Она стала бы вдовой. Наследницей состояния. Я стала бы соучастницей убийства.
В тот день я изгнала её. И она сделалась заложницей отражений. Я видела её в глянцевой поверхности кухонного гарнитура, когда готовила ему завтрак. Видела её в перламутре ночника, когда выключала свет перед сном. Она выглядела жалко. Никогда прежде не была она печальна, но теперь стала средоточием вселенской скорби.
Я сжалилась. И в первую же ночь в её руке - в моей руке - сверкнуло что-то, вынутое из кармана в складках платья. Мой безудержный вопль должно быть слышала вся улица.
Она стала вдовой. Я стала соучастницей убийства.
Выбежав из дома, я бросилась прочь от этого места. Мне хотелось туда, где нет отражений. Но даже на пустынной улице находилась лужа, из которой на меня глядели её бездушные глаза.
Мои бездушные глаза.
Мечта околеть и избавиться от мук была разрушена добрым человеком, владельцем чайной лавки. Доктор, вы когда-либо задумывались над тем, что добро - это инструмент возмездия? Может, хорошие люди для того и живут, чтобы мучить плохих? Чтобы не дать им легко отделаться?

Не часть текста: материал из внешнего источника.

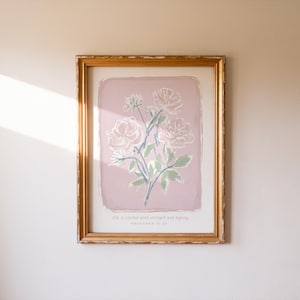 Peut inclure: Une impression florale encadrée avec un bouquet de roses rose clair et des feuilles vertes sur fond rose. L'œuvre est dans un cadre doré et comprend le texte "She is clothed with strength and dignity PROVERBS 31:25."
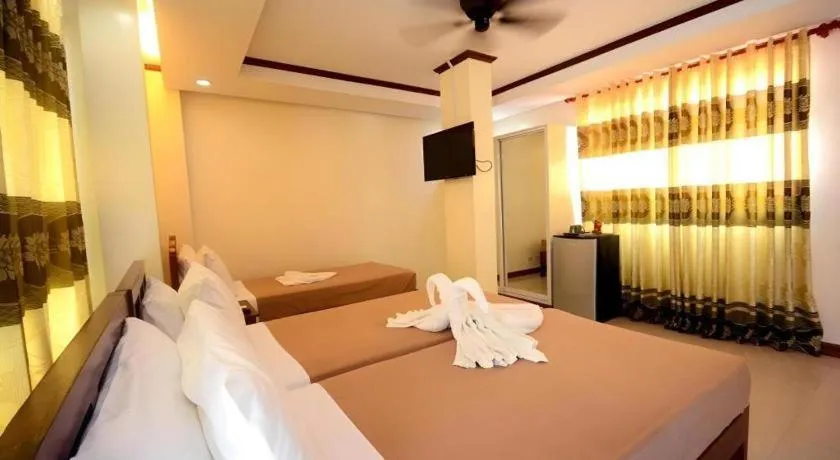 Bed in Ipil Suites El Nido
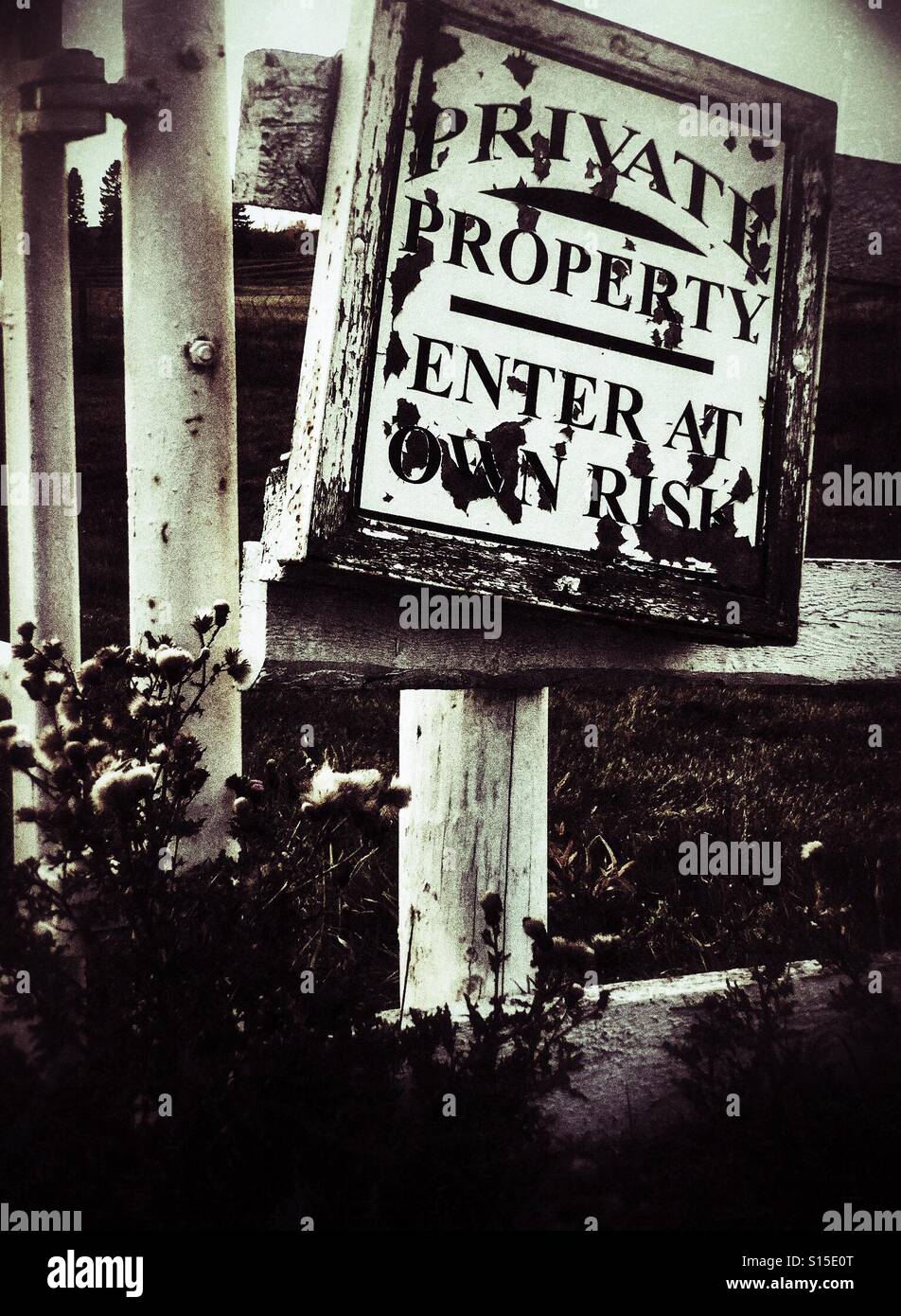 A private property sign hangs on a rural fence. Stock Photo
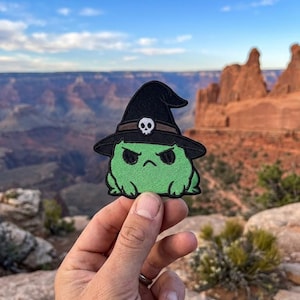 May include: Embroidered patch featuring a green creature wearing a black witch hat with a skull emblem. The creature has an angry expression. The patch is held up against a scenic background of a canyon and blue sky.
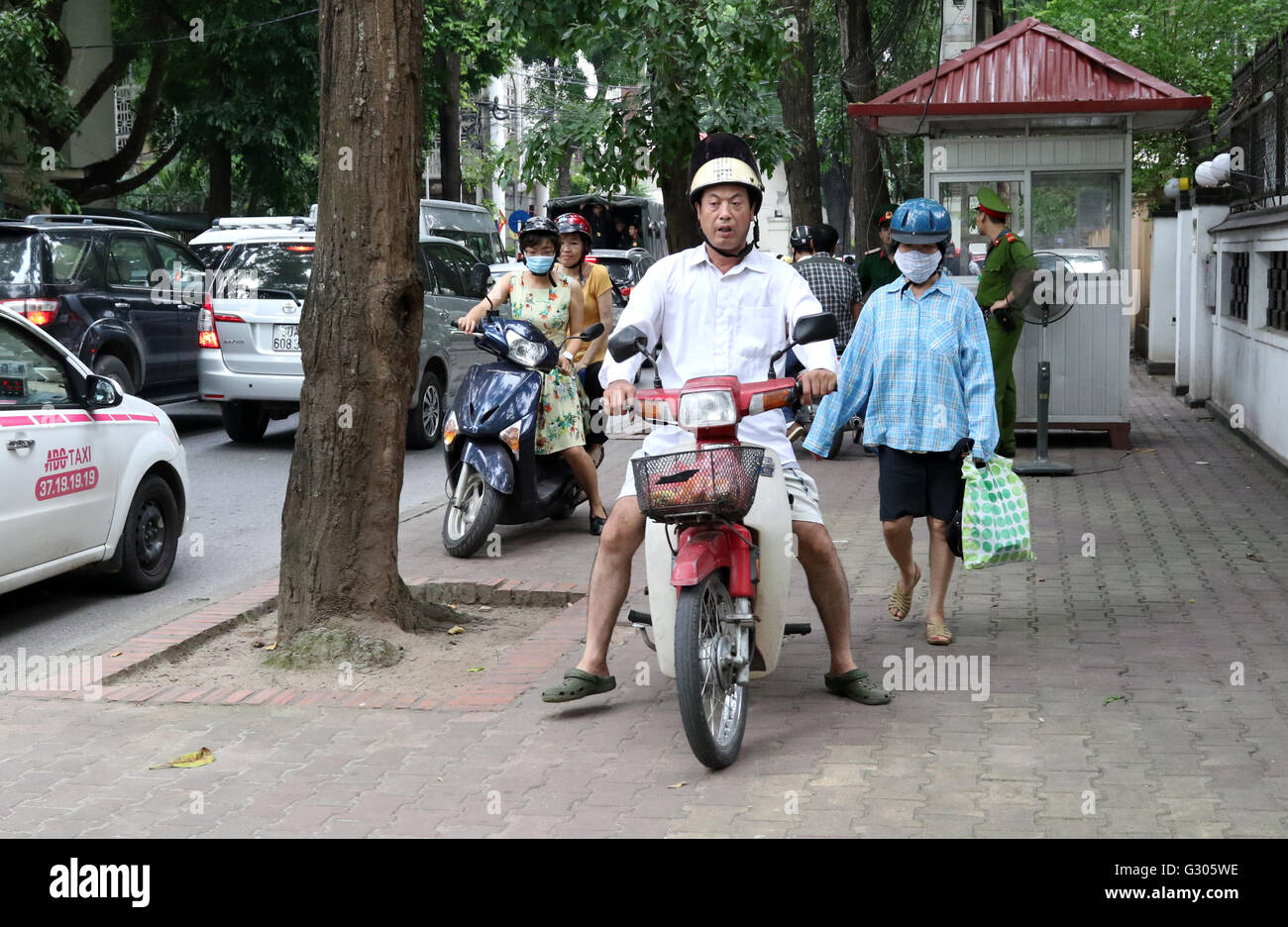 Persone a cavallo scooter sul marciapiede di traffico Foto Stock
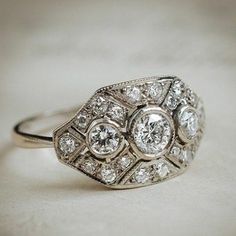 an antique diamond ring is shown on a white tablecloth, with the center stone surrounded by smaller round diamonds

Я приняла эту участь. Лавка с безупречно чистыми витринами стала моим чистилищем. Отовсюду на меня смотрит она, жаждущая освобождения, напоминающая о том, о чем я алчу забыть.
Мой личный демон. Мое личное проклятие.
Я проживу долгую жизнь, очень долгую, пока не искуплю всё то, что натворила она. Всё то, что натворила я. Сама себе демон. Сама себе проклятие.
Вы знаете, что происходит с душой, когда она заколочена в ящик из грубых необтесанных досок?
С этими словами девушка закрыла лицо руками, словно пытаясь скрыться от всех на свете отражений. Но даже в темной комнате безумца девушка виднелась то в пыльной витрине, то в тонких инструментах. И везде, где только отражалась Элль, крутилась та, другая, живая, но теперь не скрывающая своего истинного облика. Она была яростным антиподом, скалящимся из глубины отражающей поверхности в бессильной злобе.